Hours later, Biddinger underwent questioning by two veteran detectives at the police station. Mbayo had died hours earlier in a hospital from a stab wound that went into his lung, something Biddinger did not know  at the time.

Detective Greg Jordan eventually asked Biddinger how it was that Mbayo came to be stabbed.

"When we were rolling around, bear-hugging, if I still had that knife in my hand or whatever it was, then he might have got stuck with it. I mean I know that. I'm not trying to claim that I had nothing to do with his injury," Biddinger said. "Because it's pretty apparent. But was there any intention of me inflicting that kind of pain on him? No."

In her closing argument, Assistant State's Attorney Carol Crawford said Biddinger cut himself with a different knife and planted it as part of a cover-up. "He did not act in self-defense," Crawford said.

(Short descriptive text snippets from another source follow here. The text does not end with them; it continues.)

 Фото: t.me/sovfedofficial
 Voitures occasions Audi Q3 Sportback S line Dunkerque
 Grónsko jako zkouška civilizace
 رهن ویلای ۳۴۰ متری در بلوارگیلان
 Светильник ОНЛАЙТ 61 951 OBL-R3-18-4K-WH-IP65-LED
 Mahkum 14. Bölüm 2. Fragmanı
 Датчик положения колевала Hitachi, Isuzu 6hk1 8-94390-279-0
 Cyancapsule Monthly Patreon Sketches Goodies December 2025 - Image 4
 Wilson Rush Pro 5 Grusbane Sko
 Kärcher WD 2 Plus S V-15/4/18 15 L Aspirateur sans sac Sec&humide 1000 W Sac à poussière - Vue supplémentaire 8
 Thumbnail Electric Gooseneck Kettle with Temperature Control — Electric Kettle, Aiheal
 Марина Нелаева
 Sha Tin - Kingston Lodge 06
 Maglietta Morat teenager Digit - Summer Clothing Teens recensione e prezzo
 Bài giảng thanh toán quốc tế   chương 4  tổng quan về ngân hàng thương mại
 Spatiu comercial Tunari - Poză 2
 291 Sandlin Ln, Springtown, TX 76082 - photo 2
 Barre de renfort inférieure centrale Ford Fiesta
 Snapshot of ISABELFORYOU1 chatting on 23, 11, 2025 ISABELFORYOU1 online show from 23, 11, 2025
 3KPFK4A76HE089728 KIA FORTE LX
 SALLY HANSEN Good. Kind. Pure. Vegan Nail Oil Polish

But Assistant Public Defender Melanie Creedon emphasized how police found Mbayo's DNA on the handle of Biddinger's knife, suggesting the victim had control of the knife at some point. And she said that although the bathroom issue may have led to a confrontation, it hardly turned her client into a crazed killer.

"Ladies and gentlemen, it is ludicrous to suggest that the catalyst -- this clogged toilet -- was such that Mr. Biddinger was so enraged that he came running down and plunged a knife into Mr. Mbayo's back," Creedon said.

Jurors said there was a lack of physical evidence pointing to premeditated murder. Biddinger did not take the witness stand, but jurors reviewed a video recording of him telling detectives he never intended to hurt Mbayo.

"How in the world did it ever come to this?," said Juror No. 48, who asked to not be named.

Biddinger's voluntary manslaughter conviction carries a sentence of up to 10 years.